Indonesian police arrested six men in Batam on Aug. 5 who they claim were planning to fire a rocket at Singapore under the direction of a known Islamic State member. Part of Indonesia's Riau Islands province, Batam is about 16 kilometers (10 miles) across the Singapore Strait from Singapore, to which it is linked by ferry service. The island is a popular getaway for Singaporeans who want to golf or to visit its beach resorts. It also plays host to many factories owned by electronics firms, which employed the six arrestees (one of whom has been released).

Initial reports suggest that the group had been in communication with Bahrun Naim, an Indonesian Islamic State leader located in Syria who has been encouraging jihadists in Indonesia to conduct attacks in their home region. Naim is believed responsible for planning the Jan. 14 bombing and armed assault at the Sarinah shopping center in Jakarta. He is also suspected of planning the botched July 4 suicide bombing against a police office in Surakarta in Central Java, an attack that wounded a police officer.

Naim has struggled to impart terrorist expertise from his organization in Syria to jihadists in Indonesia. For example, the Sarinah shopping mall was crowded with shoppers when that attack took place, yet only four people were killed. The attackers struggled with poor bombmaking and operational skills: Two of the bombers managed to blow themselves up while lighting one of their primitive pipe bombs.

So in spite of media reports that the group in Batam was plotting a rocket attack, the attackers were very likely incapable of much beyond simple attacks involving small arms or pipe bombs. Police reportedly recovered bombmaking materials, guns and arrows during searches of the suspects' homes — not rockets or rocket-making materials. Apparently, the group was more aspirational than operational, something not uncommon with Indonesian jihadists ever since Indonesian authorities managed to arrest or kill the last cohort of terrorist planners with the tradecraft required for large attacks, such as the October 2002 Bali bombing.

Any attack launched by the Batam group probably would have been a simple attack against a soft target, such as one of the resorts in Batam — or the electronics factories where they worked. The jihadists' employment at electronics factories once more highlights the insider threat from grassroots jihadists.

Insider Threats

Corporate security officers rightly fear the threat of terrorist attacks perpetrated in the workplace by grassroots jihadists, such as one in June 2015 by Yassin Salhi, a truck driver in Lyon, France, working for the U.S.-owned Air Products. Salhi decapitated his manager before ramming a vehicle into the factory in what he told police was an attempt to cause a massive explosion.

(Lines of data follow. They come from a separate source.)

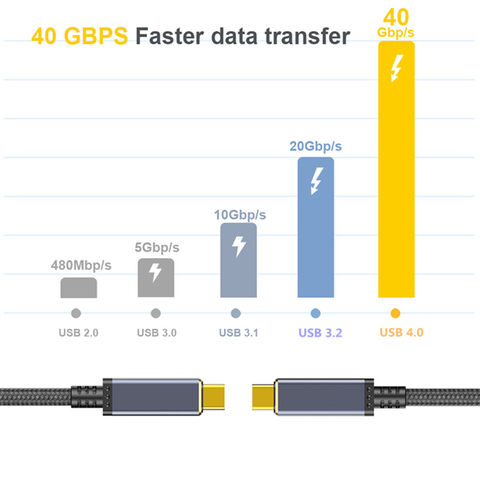 USB-IF-zertifiziertes USB4 40Gbps 240W 5A 8K Datenkabel für Thunderbolt 4/MacBook/Dockingstation/SSD
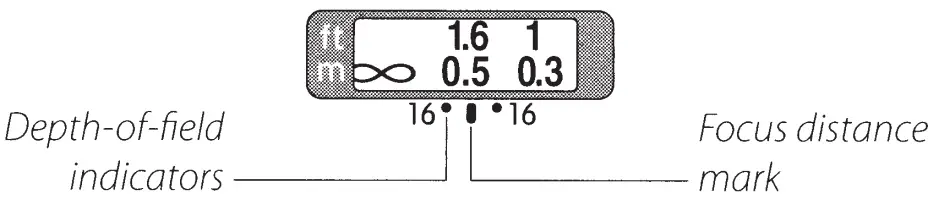 Nikon 05420057 AF-S NIKKOR 24mm f 1 86 ED - fig 2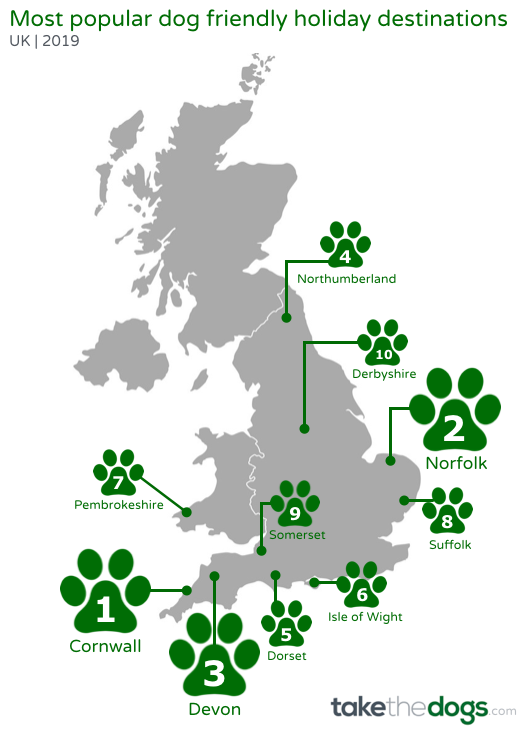 Most popular dog friendly destinations in the UK - 2019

The December 2015 armed assault in San Bernardino, California, is another example of such an attack. In that incident, Syed Rizwan Farook returned to work with his wife, Tashfeen Malik, after an altercation at his office holiday party, gunning down his co-workers and trying to detonate a bomb. They killed 14 people and wounded another 21 before dying in a shootout with police.

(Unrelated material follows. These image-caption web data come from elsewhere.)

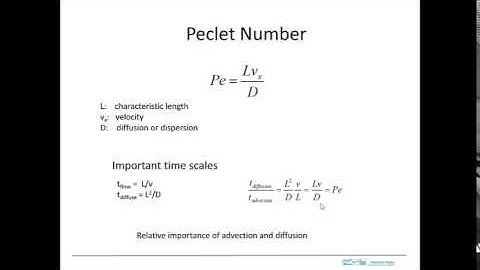 Peclet number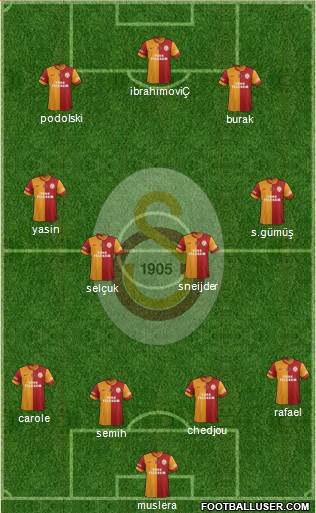Galatasaray SK Formation 2015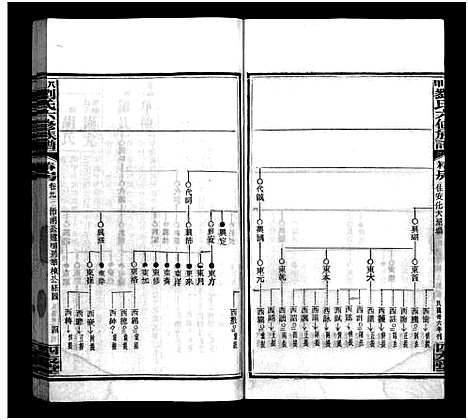 [刘]八甲刘氏六修族谱_23卷首末各2卷-刘氏八甲六脩族谱_Ba Jia Liu Shi Liu Xiu_八甲刘氏六修族谱 (湖南) 八甲刘氏六修家谱_十一.pdf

Though the San Bernardino attack differs from many incidents of workplace violence in that it involved two shooters instead of the usual lone attacker, we have seen similar insider attacks involving multiple hostile actors abroad. For example, three of the gunmen involved in the May 2004 armed assault against ABB Lummus Global's petrochemical facility in Yanbu, Saudi Arabia, worked there. Their security badges and familiarity with the layout of the facility were key to launching the attack.

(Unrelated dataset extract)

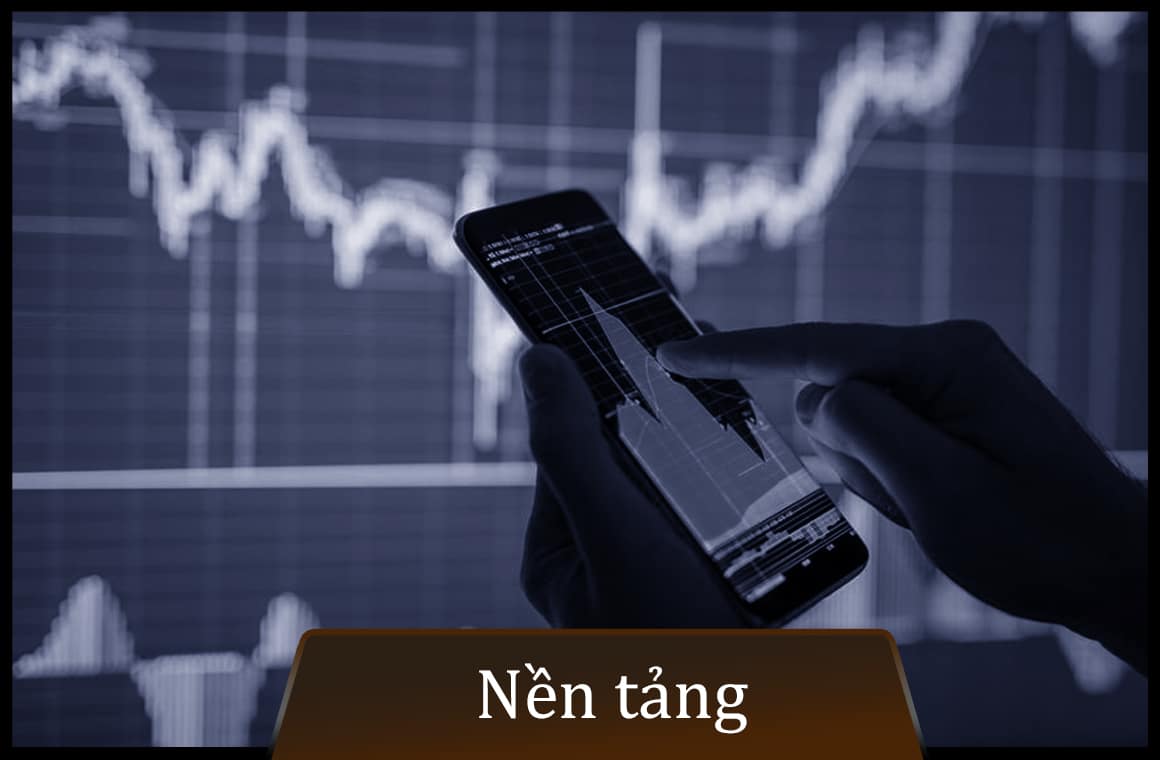Sàn Capital.com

Even when insiders do not mount the attack themselves, they can provide crucial inside information that can greatly assist those planning an attack. The January 2013 assault against the Tigantourine natural gas facility near Ain Amenas, Algeria, which reportedly involved more than 30 attackers, appears to have relied on information from inside regarding the plant's layout and transportation arrangements for expatriate employees.

Insiders can also slip weapons past security. An employee of a florist with stores in the JW Marriott and Radisson hotels in Jakarta smuggled bombs inside that were later used in the July 2009 suicide attacks against them.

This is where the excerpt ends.